Pope Francis has arrived in Chile on a visit overshadowed by child sexual abuse accusations against almost 80 members of Chilean clergy.
Some priests have been convicted by the Vatican's court, but protests against an alleged cover-up are expected during the pontiff's three-day stay.
The highlight of Francis' visit will be an open-air Mass in the capital Santiago on Tuesday.
The Pope will also meet victims of Augusto Pinochet's dictatorship.
The 81-year-old Argentine pontiff will then travel to Peru on Thursday.
This is Francis' first visit to Chile since he became pope in 2013.
He was met by President Michelle Bachelet at Santiago's airport on Monday.
Ahead of his arrival, several churches in the country were attacked or vandalised.
When recently asked to evaluate Pope Francis on a scale of 0 to 10, Chileans gave him a score of 5.3, the lowest ranking for any Pope.
Trust in the Roman Catholic Church as an institution fared even worse, polling at just 36% - the lowest in Latin America.

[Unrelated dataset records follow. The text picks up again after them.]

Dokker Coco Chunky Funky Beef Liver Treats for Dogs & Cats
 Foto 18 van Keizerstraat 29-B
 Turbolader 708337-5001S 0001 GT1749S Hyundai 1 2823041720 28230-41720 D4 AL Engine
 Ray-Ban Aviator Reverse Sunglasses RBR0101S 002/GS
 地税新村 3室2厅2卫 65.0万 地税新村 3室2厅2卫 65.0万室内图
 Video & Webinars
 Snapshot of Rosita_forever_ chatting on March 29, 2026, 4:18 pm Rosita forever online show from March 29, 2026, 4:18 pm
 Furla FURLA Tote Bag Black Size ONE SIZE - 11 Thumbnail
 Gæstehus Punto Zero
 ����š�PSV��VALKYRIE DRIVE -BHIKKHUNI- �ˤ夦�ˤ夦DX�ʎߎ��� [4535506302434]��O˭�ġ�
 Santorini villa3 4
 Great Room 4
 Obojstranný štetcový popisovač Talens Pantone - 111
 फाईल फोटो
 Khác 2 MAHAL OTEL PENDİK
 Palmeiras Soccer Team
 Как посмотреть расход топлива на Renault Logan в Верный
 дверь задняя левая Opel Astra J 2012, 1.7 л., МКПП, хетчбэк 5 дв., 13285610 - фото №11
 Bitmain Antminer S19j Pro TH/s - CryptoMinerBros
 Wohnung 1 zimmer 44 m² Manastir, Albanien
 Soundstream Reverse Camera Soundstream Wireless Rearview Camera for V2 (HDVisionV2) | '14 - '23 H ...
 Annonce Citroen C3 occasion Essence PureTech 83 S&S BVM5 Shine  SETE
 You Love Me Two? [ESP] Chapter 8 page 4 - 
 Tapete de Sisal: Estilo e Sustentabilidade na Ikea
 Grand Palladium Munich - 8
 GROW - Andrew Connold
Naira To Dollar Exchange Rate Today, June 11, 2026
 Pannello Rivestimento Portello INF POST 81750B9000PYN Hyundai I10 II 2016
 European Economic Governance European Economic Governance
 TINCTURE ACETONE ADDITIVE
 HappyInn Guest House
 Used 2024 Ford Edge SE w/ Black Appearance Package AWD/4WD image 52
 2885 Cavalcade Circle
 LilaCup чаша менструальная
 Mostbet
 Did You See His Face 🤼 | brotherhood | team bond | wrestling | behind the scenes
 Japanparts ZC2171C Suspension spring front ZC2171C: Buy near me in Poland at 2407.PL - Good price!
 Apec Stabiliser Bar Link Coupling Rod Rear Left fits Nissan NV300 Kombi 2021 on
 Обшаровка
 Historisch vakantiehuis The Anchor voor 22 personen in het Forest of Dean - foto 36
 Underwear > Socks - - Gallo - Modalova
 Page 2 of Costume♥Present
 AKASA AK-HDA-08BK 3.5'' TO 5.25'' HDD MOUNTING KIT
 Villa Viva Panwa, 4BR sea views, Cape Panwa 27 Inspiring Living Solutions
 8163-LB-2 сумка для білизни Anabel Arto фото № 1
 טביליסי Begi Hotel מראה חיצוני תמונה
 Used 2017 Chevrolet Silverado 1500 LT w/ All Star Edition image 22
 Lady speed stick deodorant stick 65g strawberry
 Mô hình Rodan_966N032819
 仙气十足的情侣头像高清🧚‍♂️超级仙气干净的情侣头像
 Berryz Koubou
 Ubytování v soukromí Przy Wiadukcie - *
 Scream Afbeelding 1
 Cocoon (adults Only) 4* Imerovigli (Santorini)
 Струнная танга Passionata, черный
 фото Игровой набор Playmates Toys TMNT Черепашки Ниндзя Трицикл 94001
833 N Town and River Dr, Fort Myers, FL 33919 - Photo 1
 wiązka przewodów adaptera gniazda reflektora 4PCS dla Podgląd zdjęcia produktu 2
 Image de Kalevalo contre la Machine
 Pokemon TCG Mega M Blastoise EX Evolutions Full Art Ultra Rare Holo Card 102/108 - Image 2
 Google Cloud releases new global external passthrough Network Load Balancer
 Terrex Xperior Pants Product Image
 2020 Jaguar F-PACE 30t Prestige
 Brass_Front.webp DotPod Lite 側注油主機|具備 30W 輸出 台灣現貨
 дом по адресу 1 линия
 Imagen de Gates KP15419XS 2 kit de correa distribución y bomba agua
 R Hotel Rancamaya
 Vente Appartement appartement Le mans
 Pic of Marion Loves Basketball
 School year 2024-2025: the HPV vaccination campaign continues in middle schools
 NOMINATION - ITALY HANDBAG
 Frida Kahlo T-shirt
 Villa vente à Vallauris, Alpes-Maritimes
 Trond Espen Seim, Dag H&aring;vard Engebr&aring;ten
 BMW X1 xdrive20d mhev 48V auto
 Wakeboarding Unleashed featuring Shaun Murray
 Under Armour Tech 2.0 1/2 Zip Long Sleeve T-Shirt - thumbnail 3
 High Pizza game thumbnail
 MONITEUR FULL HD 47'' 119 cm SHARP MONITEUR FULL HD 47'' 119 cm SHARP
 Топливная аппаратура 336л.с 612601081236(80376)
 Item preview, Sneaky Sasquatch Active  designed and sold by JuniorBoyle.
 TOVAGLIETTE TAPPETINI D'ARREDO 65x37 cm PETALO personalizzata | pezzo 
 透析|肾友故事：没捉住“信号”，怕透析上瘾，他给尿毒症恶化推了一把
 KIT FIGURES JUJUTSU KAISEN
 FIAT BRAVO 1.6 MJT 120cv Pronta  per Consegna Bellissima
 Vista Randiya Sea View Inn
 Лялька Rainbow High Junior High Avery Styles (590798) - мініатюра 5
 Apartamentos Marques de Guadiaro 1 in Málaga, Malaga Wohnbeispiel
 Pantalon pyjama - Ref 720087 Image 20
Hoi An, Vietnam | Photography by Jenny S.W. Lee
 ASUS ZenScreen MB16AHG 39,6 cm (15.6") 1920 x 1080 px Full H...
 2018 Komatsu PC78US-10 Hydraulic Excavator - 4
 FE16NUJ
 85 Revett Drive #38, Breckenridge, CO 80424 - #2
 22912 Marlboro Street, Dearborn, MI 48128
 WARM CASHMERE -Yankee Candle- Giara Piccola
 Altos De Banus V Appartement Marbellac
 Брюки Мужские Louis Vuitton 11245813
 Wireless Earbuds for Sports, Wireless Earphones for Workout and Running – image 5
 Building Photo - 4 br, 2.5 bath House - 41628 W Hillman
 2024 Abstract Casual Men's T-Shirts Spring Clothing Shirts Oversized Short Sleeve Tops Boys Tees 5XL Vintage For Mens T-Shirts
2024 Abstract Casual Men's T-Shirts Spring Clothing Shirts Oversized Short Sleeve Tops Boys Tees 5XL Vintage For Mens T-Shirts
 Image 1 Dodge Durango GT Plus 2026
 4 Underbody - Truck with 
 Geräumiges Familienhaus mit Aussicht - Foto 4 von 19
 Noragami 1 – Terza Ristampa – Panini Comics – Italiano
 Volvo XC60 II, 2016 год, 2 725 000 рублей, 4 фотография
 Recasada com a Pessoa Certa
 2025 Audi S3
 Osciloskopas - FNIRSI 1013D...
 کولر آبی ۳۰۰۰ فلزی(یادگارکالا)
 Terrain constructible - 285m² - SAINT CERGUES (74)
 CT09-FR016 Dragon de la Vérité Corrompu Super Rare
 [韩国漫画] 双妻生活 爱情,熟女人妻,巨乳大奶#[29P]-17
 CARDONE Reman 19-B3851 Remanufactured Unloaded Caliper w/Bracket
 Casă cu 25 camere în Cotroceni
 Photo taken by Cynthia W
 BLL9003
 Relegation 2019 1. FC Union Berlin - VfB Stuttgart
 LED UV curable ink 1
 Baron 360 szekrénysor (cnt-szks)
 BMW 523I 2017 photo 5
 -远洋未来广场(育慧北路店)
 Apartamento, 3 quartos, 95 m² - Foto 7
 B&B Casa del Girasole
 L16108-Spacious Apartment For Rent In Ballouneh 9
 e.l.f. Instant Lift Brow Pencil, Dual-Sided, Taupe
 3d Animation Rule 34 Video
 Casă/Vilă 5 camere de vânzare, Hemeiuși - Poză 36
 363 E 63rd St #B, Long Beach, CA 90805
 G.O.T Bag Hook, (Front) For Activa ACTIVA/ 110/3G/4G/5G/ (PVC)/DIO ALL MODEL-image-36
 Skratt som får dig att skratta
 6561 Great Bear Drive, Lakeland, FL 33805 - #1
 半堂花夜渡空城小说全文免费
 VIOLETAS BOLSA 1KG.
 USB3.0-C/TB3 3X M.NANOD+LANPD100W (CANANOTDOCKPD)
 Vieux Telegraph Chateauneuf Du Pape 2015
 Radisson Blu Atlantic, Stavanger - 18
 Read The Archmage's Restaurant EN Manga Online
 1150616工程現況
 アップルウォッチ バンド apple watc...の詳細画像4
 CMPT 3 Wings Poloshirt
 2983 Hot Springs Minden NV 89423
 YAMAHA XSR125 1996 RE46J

With such a low rating, it is not surprising that before boarding his plane from Rome, the Pope asked his congregation to pray for him.
It is estimated that more than 60% of Chile's population identifies itself as Christian, and 45% belongs to the Roman Catholic Church.
It is the second most secular country in Latin America. Some 38% of Chileans regard themselves as agnostic, atheist or non-religious.